When Sequential Circuits introduced the Pro-One at the 1981 Winter NAMM show for under a thousand dollars, they pulled off something remarkable: they took the exact same oscillators, filters, and envelope generators from their legendary Prophet-5 and squeezed them into a compact, affordable monophonic instrument. It wasn't a stripped-down budget synth—it was a genuine alternative for musicians who wanted pure analog character without the size or price tag.
The Pro-One packs two voltage-controlled oscillators with saw, pulse, and triangle waveforms, paired with a Curtis CEM-3320 four-pole low-pass filter that delivers that warm, resonant analog character the era is known for. You get two independent ADSR envelopes (one for the filter, one for the amplifier), an LFO with multiple waveforms, and oscillator synchronization for those aggressive, metallic lead sounds. The modulation matrix is where things get interesting—it lets you route the LFO and oscillators to modulate each other across frequency, pulse width, and filter cutoff, opening up complex, evolving textures that feel organic rather than preset. The 36-key keyboard spans three octaves with pitch bend and mod wheels for real-time expression, and there's a built-in arpeggiator with up and up-down patterns plus a sequencer that holds two patterns of up to 40 notes each. Full CV and gate connectivity means it plays nicely with modular systems or other gear.

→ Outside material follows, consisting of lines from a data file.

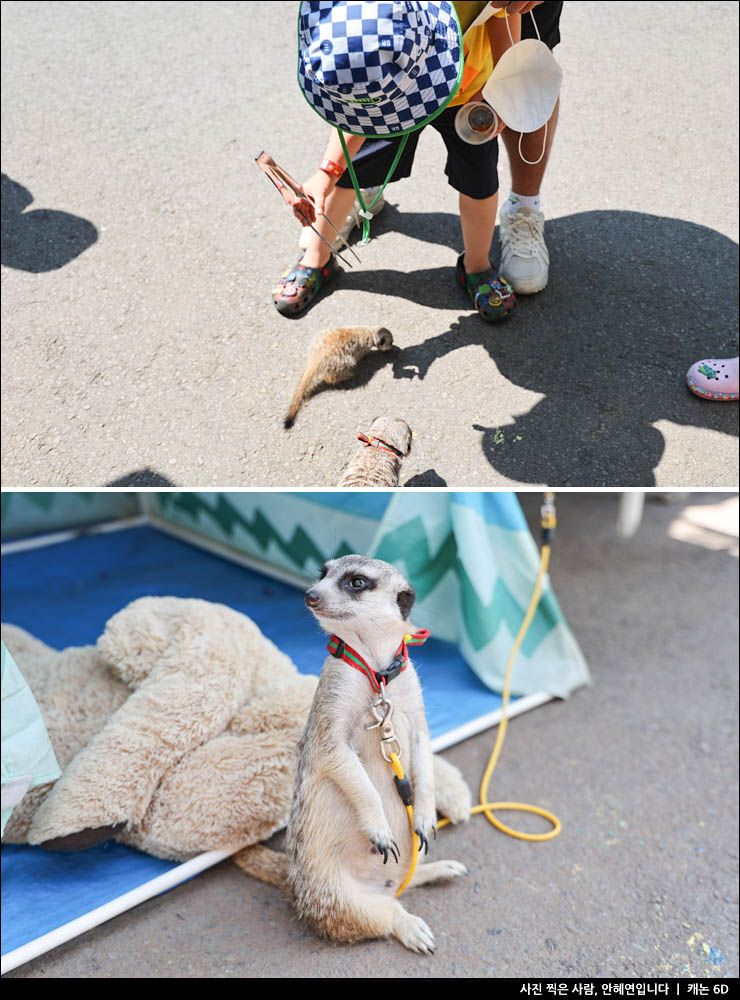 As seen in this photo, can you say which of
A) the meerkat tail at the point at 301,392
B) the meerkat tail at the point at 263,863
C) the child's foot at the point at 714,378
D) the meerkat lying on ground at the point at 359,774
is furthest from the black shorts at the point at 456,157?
the meerkat tail at the point at 263,863

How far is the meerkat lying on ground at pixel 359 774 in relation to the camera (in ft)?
3.50

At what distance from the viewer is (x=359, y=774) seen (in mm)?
1103

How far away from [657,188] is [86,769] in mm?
1400

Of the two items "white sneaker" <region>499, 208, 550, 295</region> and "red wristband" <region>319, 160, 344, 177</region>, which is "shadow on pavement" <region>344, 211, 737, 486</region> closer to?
"white sneaker" <region>499, 208, 550, 295</region>

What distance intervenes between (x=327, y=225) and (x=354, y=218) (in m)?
0.04

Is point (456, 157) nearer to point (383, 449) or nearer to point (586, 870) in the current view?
point (383, 449)

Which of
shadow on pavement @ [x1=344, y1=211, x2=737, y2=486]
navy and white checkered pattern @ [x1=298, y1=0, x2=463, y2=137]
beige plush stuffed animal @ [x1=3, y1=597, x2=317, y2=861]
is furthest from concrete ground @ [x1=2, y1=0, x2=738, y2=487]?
beige plush stuffed animal @ [x1=3, y1=597, x2=317, y2=861]

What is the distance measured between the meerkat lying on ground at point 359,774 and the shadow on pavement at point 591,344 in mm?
272

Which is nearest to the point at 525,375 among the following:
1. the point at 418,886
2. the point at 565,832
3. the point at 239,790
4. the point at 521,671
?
the point at 418,886

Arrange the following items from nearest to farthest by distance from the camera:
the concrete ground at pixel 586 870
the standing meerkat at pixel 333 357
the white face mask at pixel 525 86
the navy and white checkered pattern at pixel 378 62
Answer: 1. the navy and white checkered pattern at pixel 378 62
2. the white face mask at pixel 525 86
3. the standing meerkat at pixel 333 357
4. the concrete ground at pixel 586 870

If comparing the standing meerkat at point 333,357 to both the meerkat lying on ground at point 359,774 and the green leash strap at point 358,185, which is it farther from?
the meerkat lying on ground at point 359,774

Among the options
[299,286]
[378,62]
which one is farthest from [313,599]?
[378,62]

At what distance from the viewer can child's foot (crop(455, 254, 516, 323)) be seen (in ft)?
3.41

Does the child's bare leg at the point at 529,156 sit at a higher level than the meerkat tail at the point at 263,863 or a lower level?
higher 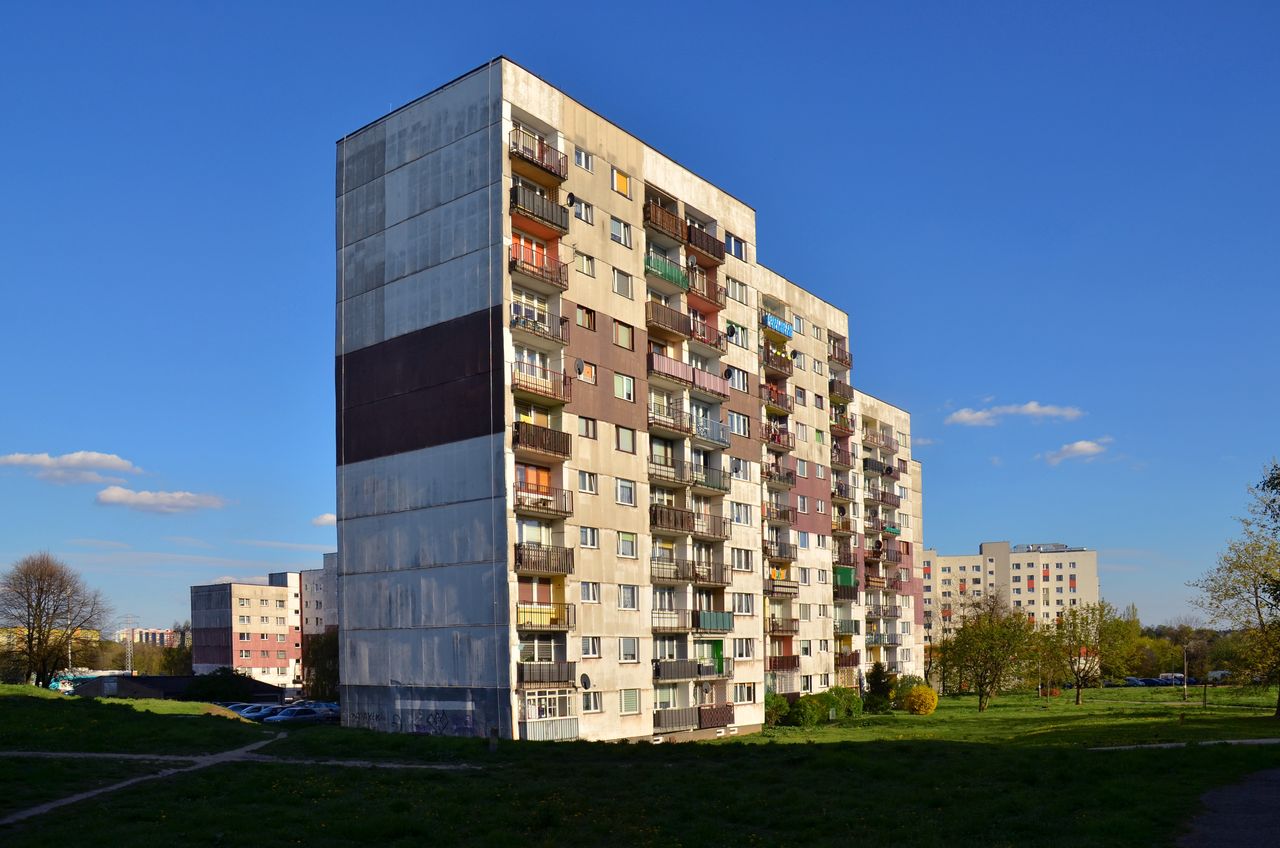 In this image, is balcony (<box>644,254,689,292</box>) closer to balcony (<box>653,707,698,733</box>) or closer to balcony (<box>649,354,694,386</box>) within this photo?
balcony (<box>649,354,694,386</box>)

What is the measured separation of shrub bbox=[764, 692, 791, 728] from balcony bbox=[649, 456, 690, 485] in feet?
73.1

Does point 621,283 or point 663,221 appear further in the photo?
point 663,221

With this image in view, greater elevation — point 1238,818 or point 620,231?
point 620,231

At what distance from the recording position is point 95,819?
2738 cm

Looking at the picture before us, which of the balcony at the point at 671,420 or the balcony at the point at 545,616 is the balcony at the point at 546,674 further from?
the balcony at the point at 671,420

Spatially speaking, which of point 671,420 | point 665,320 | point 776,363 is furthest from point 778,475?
point 665,320

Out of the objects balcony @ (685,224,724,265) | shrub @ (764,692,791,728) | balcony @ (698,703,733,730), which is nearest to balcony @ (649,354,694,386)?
balcony @ (685,224,724,265)

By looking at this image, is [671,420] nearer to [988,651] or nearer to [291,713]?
[291,713]

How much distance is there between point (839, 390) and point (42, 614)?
8693 centimetres

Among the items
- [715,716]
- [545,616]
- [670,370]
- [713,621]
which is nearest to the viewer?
[545,616]

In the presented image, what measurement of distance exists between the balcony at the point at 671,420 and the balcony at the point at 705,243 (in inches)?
439

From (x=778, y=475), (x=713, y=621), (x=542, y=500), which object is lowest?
(x=713, y=621)

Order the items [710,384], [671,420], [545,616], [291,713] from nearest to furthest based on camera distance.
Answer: [545,616], [671,420], [710,384], [291,713]

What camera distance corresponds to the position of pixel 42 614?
116 m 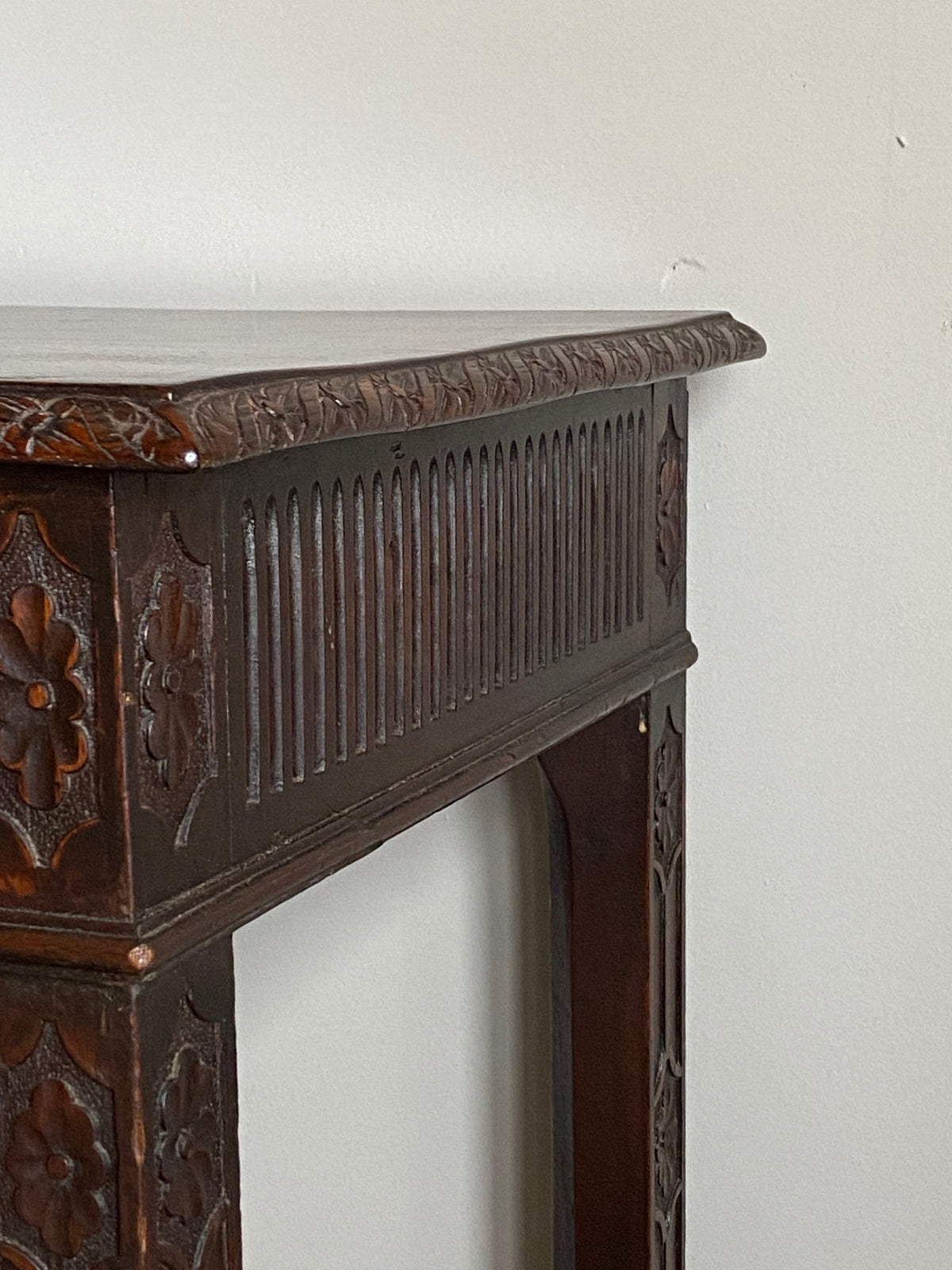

The Pro-One earned its reputation for tight, punchy bass lines and snappy arpeggios, and it handles everything from deep subs to experimental atmospheres with surprising versatility. The sequencer, while basic by modern standards, became a signature feature—most monosynths of that era didn't have one, and the ability to sketch melodic ideas and transpose them in real-time made it feel like an instant music machine. Approximately 10,000 units were produced between 1981 and 1984, and they've held up remarkably well, which is why they command respect in studios and live rigs today. The tuning is stable, the design is robust, and it does things a 303 does, things a Moog does, and plenty of things uniquely its own.